Mission & Goals
The University of Connecticut is a Global University. People from all over the world come to UConn to deepen their knowledge and identify solutions to some of the world’s most pressing challenges. At UConn, faculty, scholars, students, practitioners and community members from diverse backgrounds interact with a spirit of inquiry, curiosity and global citizenship. Building on this tradition, UConn Global Affairs is developing a new initiative named UConn Abrahamic Programs in the Middle East/North Africa Region (UConn Abrahamic Programs). This initiative builds on the long-standing Connecticut tradition of innovative thinking and scientific discovery, while promoting regional academic integration in the Middle East/North Africa Region.

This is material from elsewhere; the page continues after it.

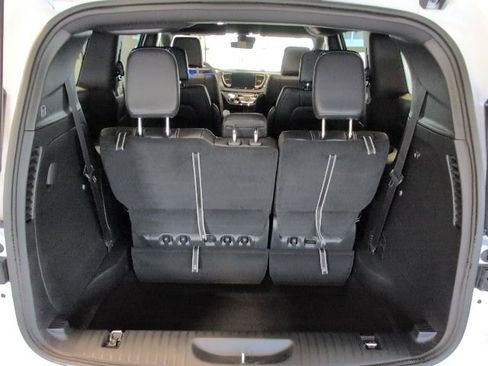 New 2026 Chrysler Voyager LX FWD image 30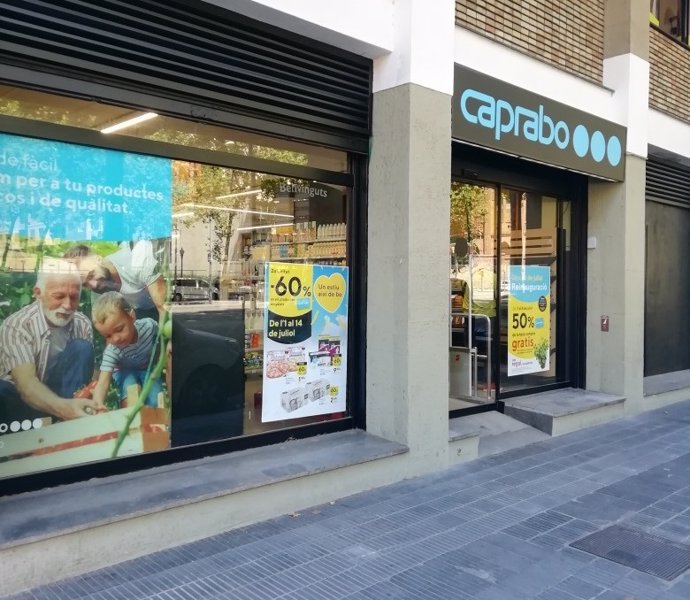 Caprabo avanza en su plan de expansión y abre un supermercado en Barcelona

Under the aegis of Global Affairs, UConn Abrahamic Programs serves as an innovative academic umbrella that fosters cross-border research, intercultural communication, and, community engagement. It builds on the intellectual foundations of Abrahamic thought and its three monotheistic faiths, which emphasize the value of acquiring knowledge, using reason, and acting with wisdom. UConn Abrahamic Programs are grounded in this common epistemological heritage. While this initiative is non-denominational, we recognize that the birth of all three monotheistic faiths initiated in the Middle East, spreading east and west with the Abrahamic culture in common. Thus, we acknowledge that religion can significantly shape cultural traditions, beliefs and inclinations. We also know that Christianity, Islam and Judaism all call on their people to use knowledge and reason for constructive purposes. By focusing on the commonalities between these major cultural traditions, this initiative builds scholarly relationships with the hope of contributing also to regional economic and social development.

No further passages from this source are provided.